Le nouveau chanoine de St Jean de Latran (Italie) a fait une homélie sur l’importance de la religion, de l’espérance et des racines catholiques de son pays. C’est son métier de chanoine, me direz-vous ? Mais il se trouve qu’il est également président d’une république (française) qui « ne reconnaît, ne salarie ni ne subventionne aucun culte » (article 2 de la loi de 1905).
Ah, qu’il est difficile d’être président laïc et chanoine catholique à la fois, en ce doux pays de France…
D’autant plus que, quelques jours plus tard, le chanoine se fait prédicateur en terre d’Islam, citant Dieu 13 fois !
Ambiguïtés à la pelle
Il faut dire que notre France laïque n’est pas exempte d’ambiguïtés savamment entretenues. Quelques exemples :
– où donc les prêtres et pasteurs sont-ils rémunérés par l’Etat ? En France pardi ! Plus précisément, en Alsace-Lorraine bien sûr !
– où donc temples et mosquées se créent-ils souvent sur des terrains gracieusement offerts (ou quasi) par les communes ? En France pardi ! Plus précisément, grâce au système des « baux emphytéotiques » de 99 ans.
– où donc « la première cathédrale construite depuis plusieurs siècles » est-elle discrètement subventionnée par l’Etat ? En France pardi ! Plus précisément, à Evry, grâce à un musée public (« Centre national d’art sacré ») opportunément inclus dans le périmètre même de la cathédrale !
– où donc la mission de l’école publique est-elle assurée à 20% (dans le secondaire) par l’école catholique ? En France pardi ! Plus précisément, grâce au « contrat simple ou d’association », qui permet à l’Etat de subventionner (d’ailleurs pas toujours bien semble-t-il) l’école privée, principalement catholique.
– Où donc des prêtres et des pasteurs contribuent-ils à décider des choix éthiques futurs du pays ? En France pardi ! Plus précisément, au sein du « Comité National d’éthique » (bon d’accord, « consultatif »).
Je ne critique pas tout cela, je mets juste le doigt sur un rapport complexe entre les histoires entremêlées de la France des Lumières et de la France « fille aînée de l’Eglise ».
Quelle Histoire !
En y réfléchissant, tout cela n’est pas si ancien dans notre inconscient et notre mémoire collective.

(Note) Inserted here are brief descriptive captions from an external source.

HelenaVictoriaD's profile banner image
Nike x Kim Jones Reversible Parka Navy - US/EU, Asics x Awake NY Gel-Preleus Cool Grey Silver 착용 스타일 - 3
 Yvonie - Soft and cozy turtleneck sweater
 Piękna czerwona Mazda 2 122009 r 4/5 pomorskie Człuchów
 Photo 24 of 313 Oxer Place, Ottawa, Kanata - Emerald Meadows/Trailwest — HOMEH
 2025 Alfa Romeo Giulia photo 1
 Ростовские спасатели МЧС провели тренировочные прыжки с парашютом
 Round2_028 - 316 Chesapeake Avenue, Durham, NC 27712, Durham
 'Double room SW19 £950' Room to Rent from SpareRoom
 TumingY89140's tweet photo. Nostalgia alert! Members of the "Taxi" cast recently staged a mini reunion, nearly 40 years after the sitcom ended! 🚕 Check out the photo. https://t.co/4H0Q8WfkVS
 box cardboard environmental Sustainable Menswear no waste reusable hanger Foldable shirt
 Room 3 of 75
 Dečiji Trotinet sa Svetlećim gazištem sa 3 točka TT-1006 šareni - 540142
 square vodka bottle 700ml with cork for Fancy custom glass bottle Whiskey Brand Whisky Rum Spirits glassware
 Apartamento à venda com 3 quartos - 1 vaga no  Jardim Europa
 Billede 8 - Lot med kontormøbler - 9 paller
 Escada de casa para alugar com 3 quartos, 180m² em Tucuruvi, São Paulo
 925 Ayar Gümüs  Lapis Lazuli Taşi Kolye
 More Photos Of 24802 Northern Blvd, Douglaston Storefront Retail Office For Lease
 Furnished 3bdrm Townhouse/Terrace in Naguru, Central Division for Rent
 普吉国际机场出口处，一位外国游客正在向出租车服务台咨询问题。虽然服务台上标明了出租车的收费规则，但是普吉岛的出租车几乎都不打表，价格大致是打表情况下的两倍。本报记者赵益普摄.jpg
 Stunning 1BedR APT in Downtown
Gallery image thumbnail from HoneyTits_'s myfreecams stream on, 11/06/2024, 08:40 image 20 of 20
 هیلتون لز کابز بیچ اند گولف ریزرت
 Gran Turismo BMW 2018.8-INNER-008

Finalement, avec une histoire comme celle-là, avoir un Président laïc, chanoine et prédicateur à la fois, ce n’est pas très catholique, mais dans la logique chaotique de notre drolatique république sarkozyque !
Yves DESBORDES
1. Pour aller plus loin, on peut lire dans « Le Monde » du 29 janvier, page 22, une tribune « L’abandon de la neutralité laïque », où l’auteur s’amuse à imaginer un futur président athée convaincu reprenant terme pour terme les phrases de M. Sarkozy en les inversant.
Cela donne par exemple que « « la République a besoin d’athées militants qui ne se laissent pas duper par des espérances illusoires et travaillent à l’amélioration réelle, ici-bas, des conditions d’existence », que la République a besoin d’une « morale débarrassée des fausses transcendances et résolument humaine », que la vocation de prêtre, qui consacre sa vie à un être fantomatique, est de moindre valeur que la vocation d’instituteur… »
Et notre auteur de conclure : « Comment les croyants réagiraient-ils à de telles déclarations ? Favoriseraient-elles la paix civile ? »
2. A noter également, la double page « Disputatio » de Réforme du 31 janvier : sous le titre « La laïcité est-elle menacée ? » :
– Jean Baubérot répond « OUI, le politique n’a pas à prendre parti pour une sorte de religion civile »,
– tandis que Jean-Paul Willaime réplique « NON, prendre en compte notre héritage chrétien ne menace en rien la laïcité ».
Le débat est donc loin d’être terminé !
3. Illustration de cet article : droits réservés.